[Collected data entries]

BEGIN

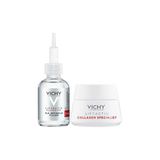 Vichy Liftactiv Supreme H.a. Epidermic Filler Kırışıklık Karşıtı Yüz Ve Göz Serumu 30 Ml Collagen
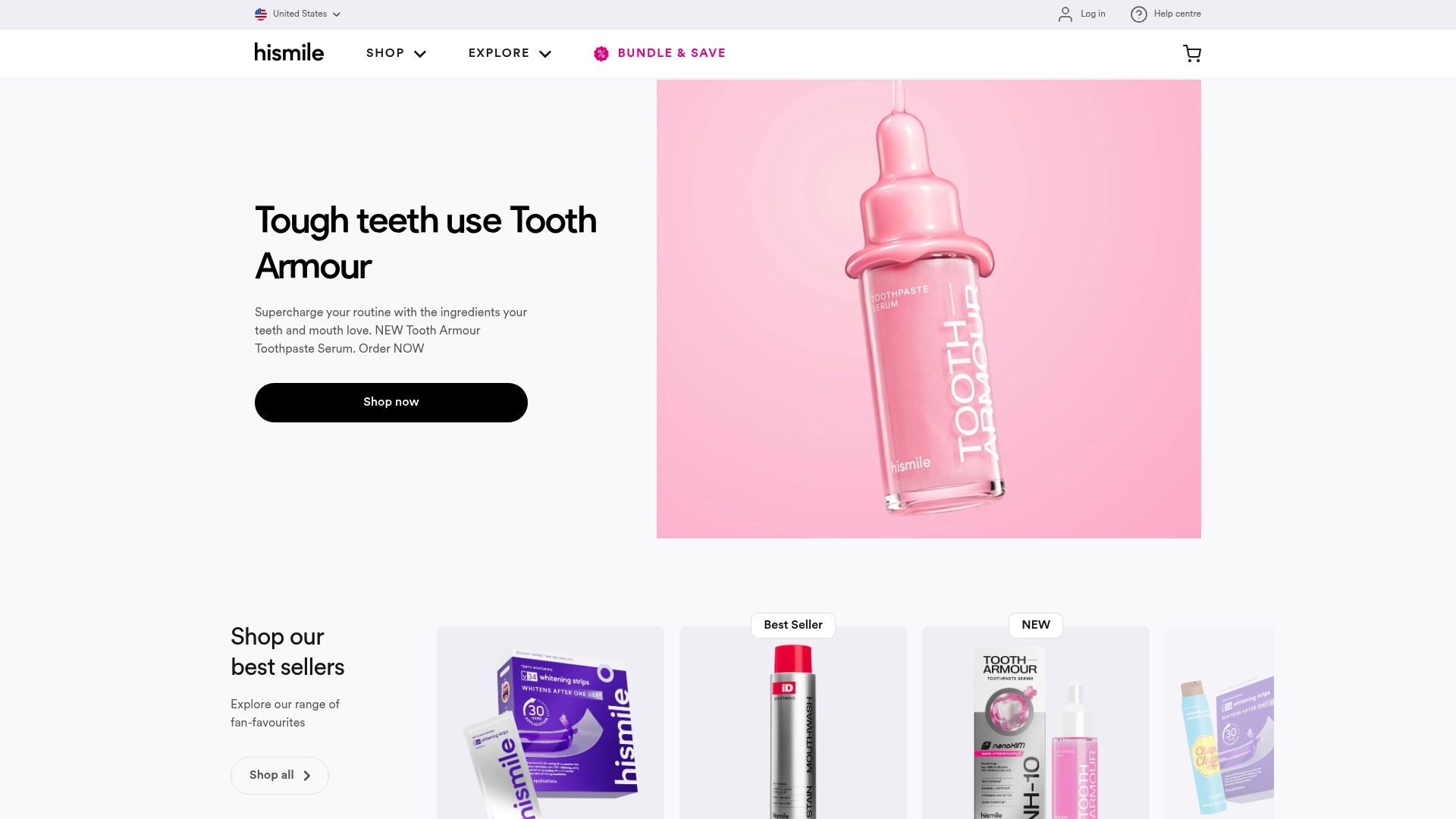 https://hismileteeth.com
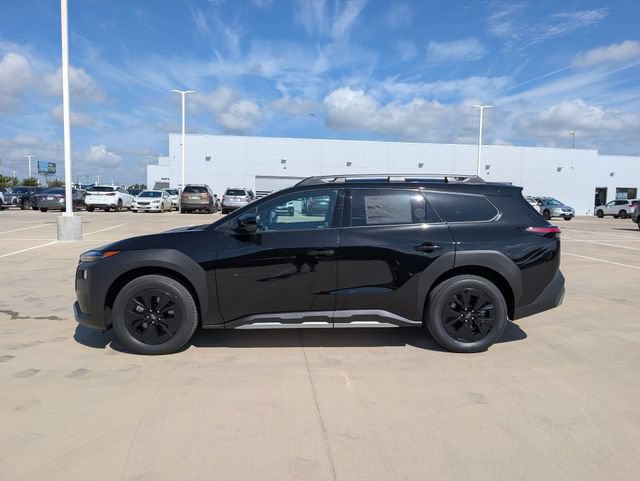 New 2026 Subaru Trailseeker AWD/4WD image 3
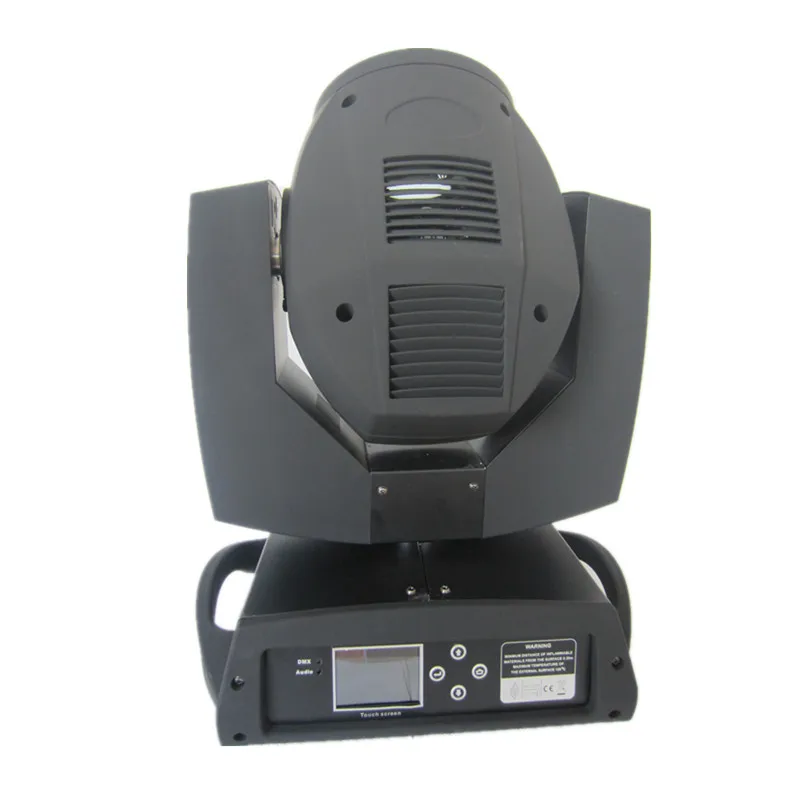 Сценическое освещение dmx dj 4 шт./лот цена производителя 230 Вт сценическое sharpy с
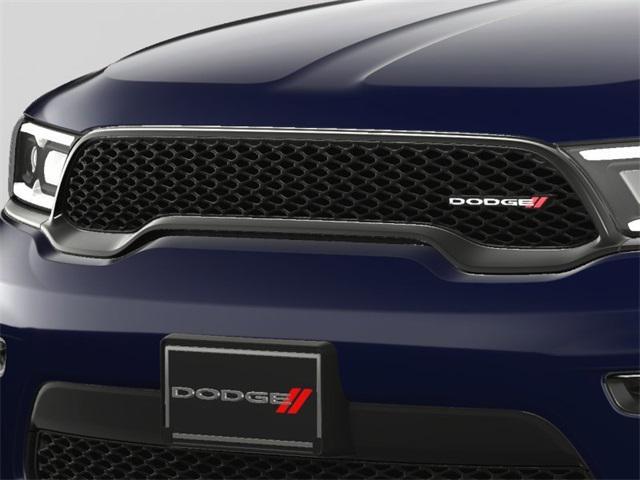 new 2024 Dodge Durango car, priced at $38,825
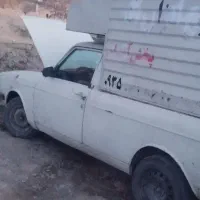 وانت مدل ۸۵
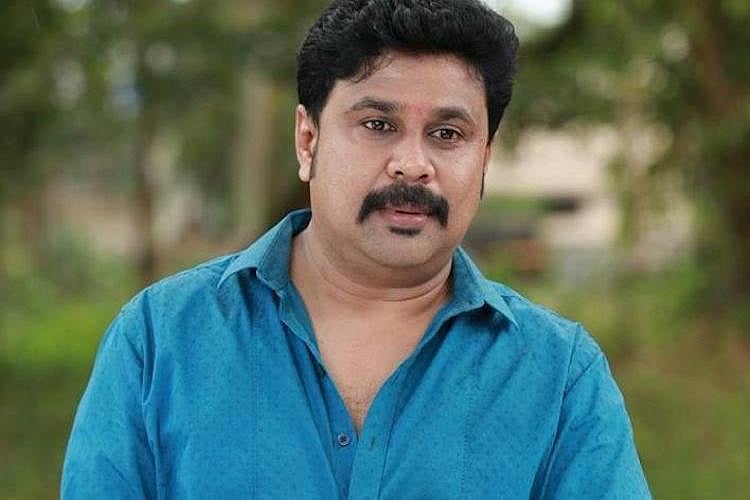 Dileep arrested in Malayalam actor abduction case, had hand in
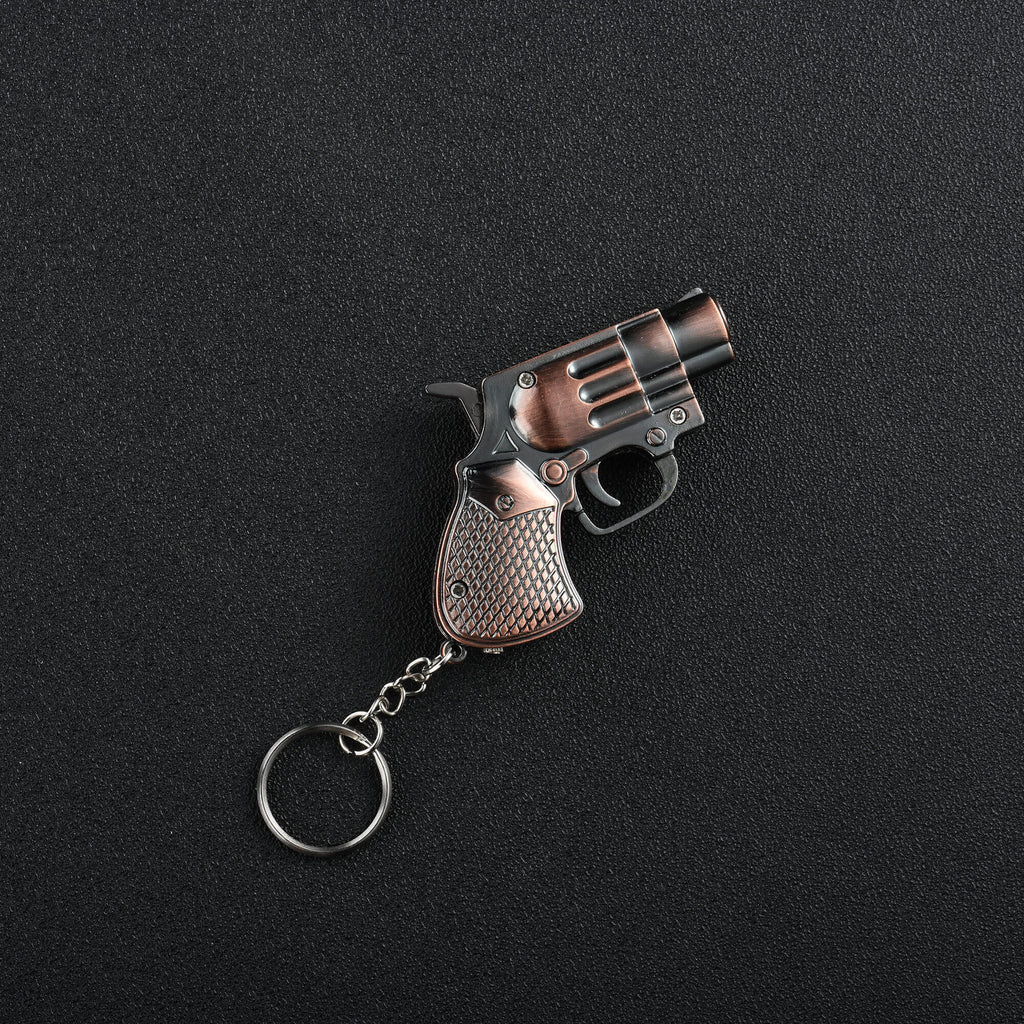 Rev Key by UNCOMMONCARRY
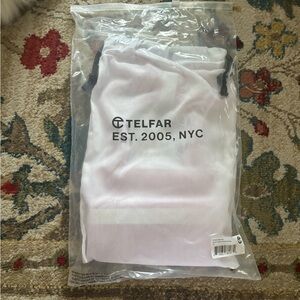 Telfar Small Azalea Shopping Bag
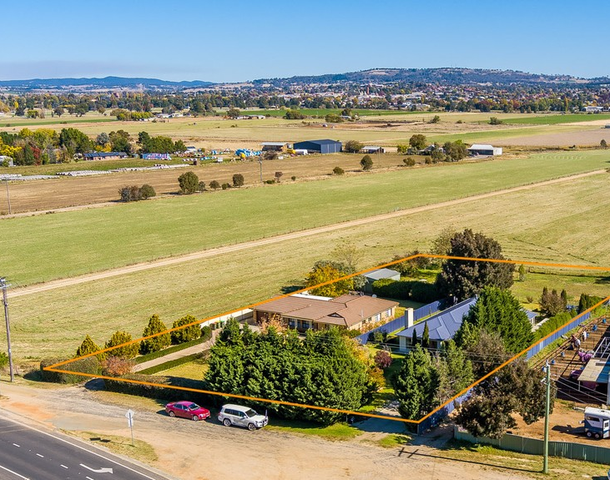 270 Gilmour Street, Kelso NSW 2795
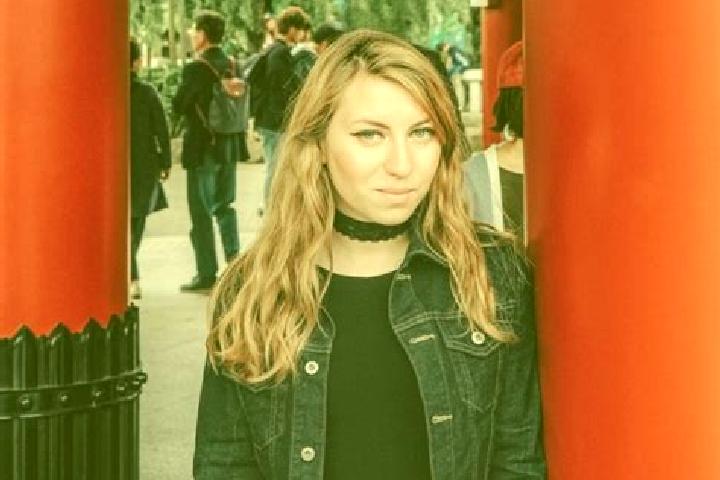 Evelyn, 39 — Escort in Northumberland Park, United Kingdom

END

Copy exactly the lines that run from the line containing "New 2026 Subaru Trailseeker AWD/4WD image 3" to the end of the data above, keeping both end lines and leaving out all pictures.

- _Answer section_:
 New 2026 Subaru Trailseeker AWD/4WD image 3
 Сценическое освещение dmx dj 4 шт./лот цена производителя 230 Вт сценическое sharpy с
 new 2024 Dodge Durango car, priced at $38,825
 وانت مدل ۸۵
 Dileep arrested in Malayalam actor abduction case, had hand in
 Rev Key by UNCOMMONCARRY
 Telfar Small Azalea Shopping Bag
 270 Gilmour Street, Kelso NSW 2795
 Evelyn, 39 — Escort in Northumberland Park, United Kingdom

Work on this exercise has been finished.